Kafka routine load StarRocks using shared-data storage
About Routine Load
Routine load is a method using Apache Kafka, or in this lab, Redpanda, to continuously stream data into StarRocks. The data is streamed into a Kafka topic, and a Routine Load job consumes the data into StarRocks. More details on Routine Load are provided at the end of the lab.
About shared-data
In systems that separate storage from compute, data is stored in low-cost reliable remote storage systems such as Amazon S3, Google Cloud Storage, Azure Blob Storage, and other S3-compatible storage like MinIO. Hot data is cached locally and when the cache is hit, the query performance is comparable to that of storage-compute coupled architecture. Compute nodes (CN) can be added or removed on demand within seconds. This architecture reduces storage costs, ensures better resource isolation, and provides elasticity and scalability.
This tutorial covers:
- Running StarRocks, Redpanda, and MinIO with Docker Compose
- Using MinIO as the StarRocks storage layer
- Configuring StarRocks for shared-data
- Adding a Routine Load job to consume data from Redpanda
The data used is synthetic.
There is a lot of information in this document, and it is presented with step-by-step content at the beginning, and the technical details at the end. This is done to serve these purposes in this order:
- Configure Routine Load.
- Allow the reader to load data in a shared-data deployment and analyze that data.

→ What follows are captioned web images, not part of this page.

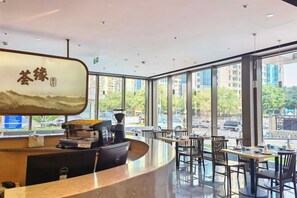 Un interior moderno con una recepción, zona de estar y amplios ventanales con vistas a la calle.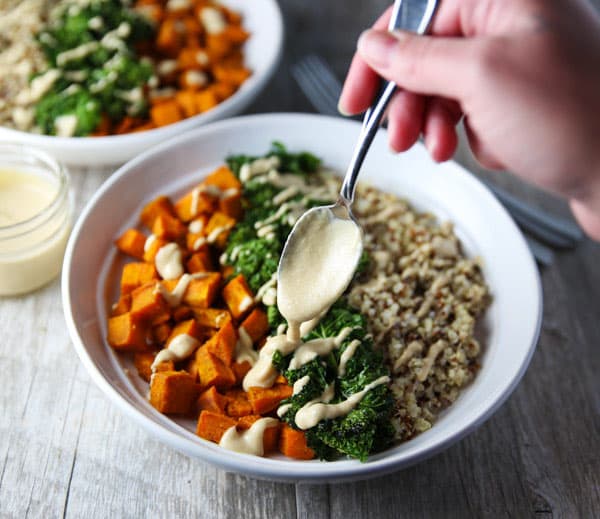 These Healing Turmeric Sweet Potato Kale Quinoa Bowls are loaded with goodness! Topped it with a Lemon, Tahini, Maple Syrup Dressing for the win!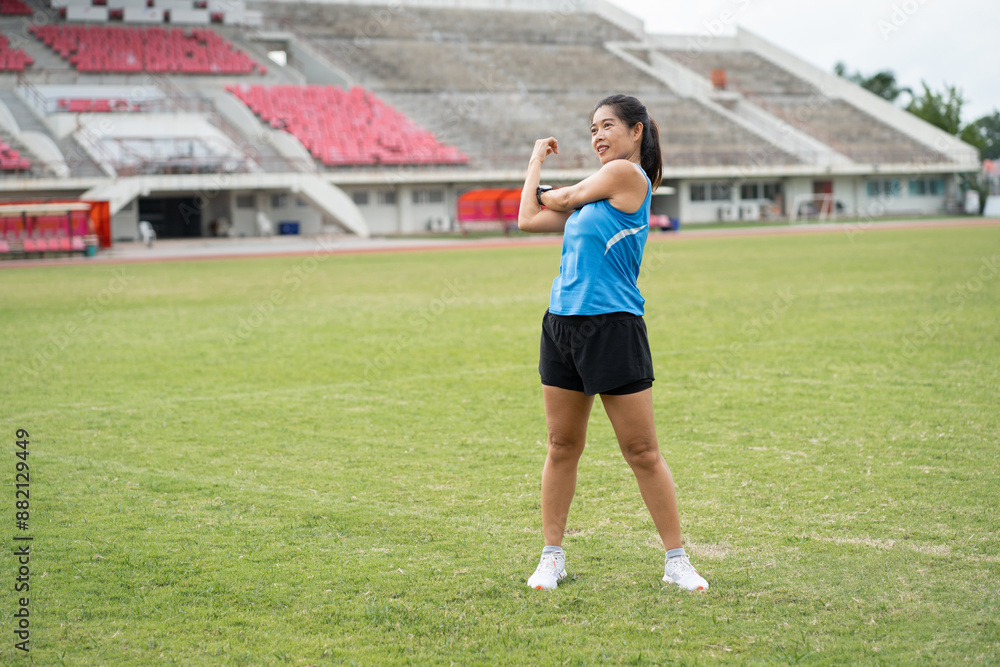 Happy Mature Asia woman runner stretching before run on racetrack Happy Mature Asia woman runner stretching before run on racetrack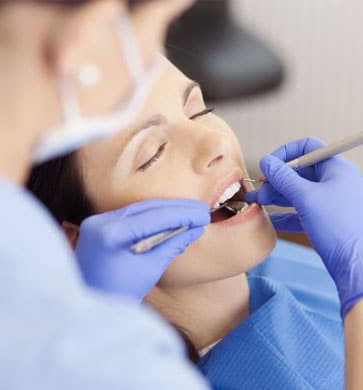 Dentist in blue gloves examining patient's teeth during dental procedure in clinical setting.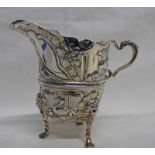 VICTORIAN SILVER CREAM JUG EMBOSSED WITH BIRDS, FOXES, ETC WITH LIONS MASK DECORATION ON PAW FEET,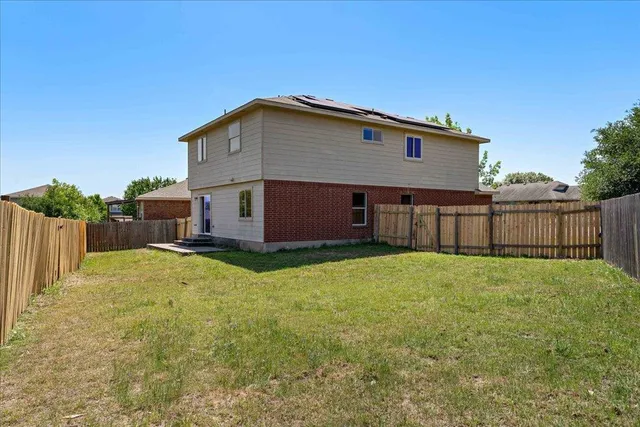a view of a backyard with wooden fence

- Provide the configuration details for shared-data deployments.
Prerequisites
Docker
- Docker
- 4 GB RAM assigned to Docker
- 10 GB free disk space assigned to Docker
SQL client
You can use the SQL client provided in the Docker environment, or use one on your system. Many MySQL-compatible clients will work, and this guide covers the configuration of DBeaver and MySQL WorkBench.
curl
curl
is used to download the Compose file and the script to generate the data. Check to see if you have it installed by running curl
or curl.exe
at your OS prompt. If curl is not installed, get curl here.
Python
Python 3 and the Python client for Apache Kafka, kafka-python
, are required.
Terminology
FE
Frontend nodes are responsible for metadata management, client connection management, query planning, and query scheduling. Each FE stores and maintains a complete copy of metadata in its memory, which guarantees indiscriminate services among the FEs.
CN
Compute Nodes are responsible for executing query plans in shared-data deployments.
BE
Backend nodes are responsible for both data storage and executing query plans in shared-nothing deployments.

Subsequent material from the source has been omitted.